REST3D is strong, but not magic: VLM robustness and deformable objects remain future-work territory.
REST3D relies on the robustness of vision-language models for physical scene understanding and may fail in challenging cases. The current REST3D paper focuses on rigid objects and does not explicitly model deformable or non-rigid objects, leaving those cases for future work.
REST3D code repository exists, but the public README currently says code coming soon.

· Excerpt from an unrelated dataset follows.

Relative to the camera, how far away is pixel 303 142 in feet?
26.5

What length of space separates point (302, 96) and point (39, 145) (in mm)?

Cite REST3D: Reconstructing Physically Stable 3D Scenes from a Single Image
@article{ma2026rest3d,
title = {REST3D: Reconstructing Physically Stable 3D Scenes from a Single Image},
author = {Ma, Xiaoxuan and Wang, Jiashun and Ugrinovic, Nicol'{a}s and Litman, Yehonathan and Kitani, Kris},
booktitle = {arXiv preprint arXiv:2605.30338},
year = {2026}
}
REST3D acknowledgement
The authors would like to thank Yuxuan Kuang, Yufei Wang, and Maxwell Jones for their insightful discussions.
REST3D FAQ for searchers, researchers, creators, and builders.
What is REST3D?
REST3D is a single-image reconstruction framework that reconstructs physically stable 3D scenes by integrating physical scene understanding with physics-constrained refinement.
What does REST3D stand for?
REST3D expands as REconstructing physically STable 3D scenes.
What is the main REST3D difference from ordinary image-to-3D?
REST3D focuses on scene-level physical plausibility: support relations, collision reduction, stability under gravity, and simulation-ready behavior.
Is REST3D code available?
The REST3D GitHub repository exists, but the current public README says Code coming soon. This site links to the repository without claiming a released implementation.
What are the REST3D baselines?
REST3D compares against DigitalCousins, Gen3DSR, SceneGen, and SAM3D.
What are the REST3D datasets?
REST3D evaluates on Replica, ScanNet++, and a Custom set with casual images including bedrooms, living rooms, and cartoon-style scenes.
What are the REST3D applications?
REST3D is relevant to immersive interaction, content creation, gaming, simulation-ready assets, robotics, embodied AI, real-to-sim, and VR human-object interaction.
REST3D glossary: terms users search after they understand the headline.
Scene tree
A support-relation structure that represents which objects are on, hanging from, or attached to other objects or surfaces.
Physics-constrained optimization
Simulation-based refinement that moves object poses toward stable, low-collision configurations while preserving the input layout.
Stable rate
A physical plausibility metric indicating whether reconstructed scenes settle into stable states under simulation.
REST3D primary links
arXiv
Project page
Official REST3D project page with interactive 3D, results, VR demos, comparison, citation, and acknowledgements.
Code repository
REST3D GitHub repository. Current public status: code coming soon.